Sky News AM Agenda - Panel discussion with David Lipson

Subject: Qantas dispute

Transcript, E&OE

31 October 2011

DAVID LIPSON: Welcome back to the program on what has been — well, after what has been quite a historic weekend, not just for the aviation industry but also for workplace relations, tourism, transport and a whole range of other matters.

Now, to talk a little bit more in depth about the situation with Qantas, I'm joined in the studio here by Richard Marles and Jamie Briggs.

Thank you both very much for your time.

First to you, Jamie. What do you make of this result? Is it a win for the Government, as the Government lawyers were indeed pushing for what the eventual result was?

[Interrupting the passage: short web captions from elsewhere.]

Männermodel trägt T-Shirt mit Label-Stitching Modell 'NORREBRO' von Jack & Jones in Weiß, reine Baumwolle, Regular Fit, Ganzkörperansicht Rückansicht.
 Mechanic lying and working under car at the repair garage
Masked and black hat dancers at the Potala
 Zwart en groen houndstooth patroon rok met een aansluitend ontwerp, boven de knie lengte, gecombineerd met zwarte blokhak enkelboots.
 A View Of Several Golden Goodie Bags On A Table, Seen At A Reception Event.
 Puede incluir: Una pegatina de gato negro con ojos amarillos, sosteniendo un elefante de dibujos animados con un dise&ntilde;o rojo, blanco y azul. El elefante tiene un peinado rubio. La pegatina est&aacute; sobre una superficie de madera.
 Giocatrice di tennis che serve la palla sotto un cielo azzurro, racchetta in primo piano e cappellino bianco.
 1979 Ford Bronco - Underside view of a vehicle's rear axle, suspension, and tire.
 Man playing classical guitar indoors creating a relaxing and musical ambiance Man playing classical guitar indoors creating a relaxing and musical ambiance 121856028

JAMIE BRIGGS: Well, Julia Gillard — this is a dispute of her own making. She changed the Act three years ago; she says she’s immensely proud of that change. And in part of that change she allowed matters outside of the employment relationship to be part of the dispute. And therefore, the unions have had all this power to continue this dispute going to reach this point. So people sat in airports over the weekend because Julia Gillard gave the unions the power to get to this point.

In addition to that, Julia Gillard failed to act when she knew that this dispute was getting to this point; she had every opportunity under her own Act — that she’s immensely proud of — to take action. And she didn't; she failed to do so.

So what we've got is a situation where the Government has created the circumstances that big disputes like this are back in town. Labor’s back in town; big disputes are back in town; they wanted this. Their Act is working as they intended.

DAVID LIPSON: Well, Tony Abbott hasn't been too forceful in blaming the policy for this; he says it’s a failure of leadership rather than anything to do with the Labor Government’s workplace laws. Do you agree with him on that?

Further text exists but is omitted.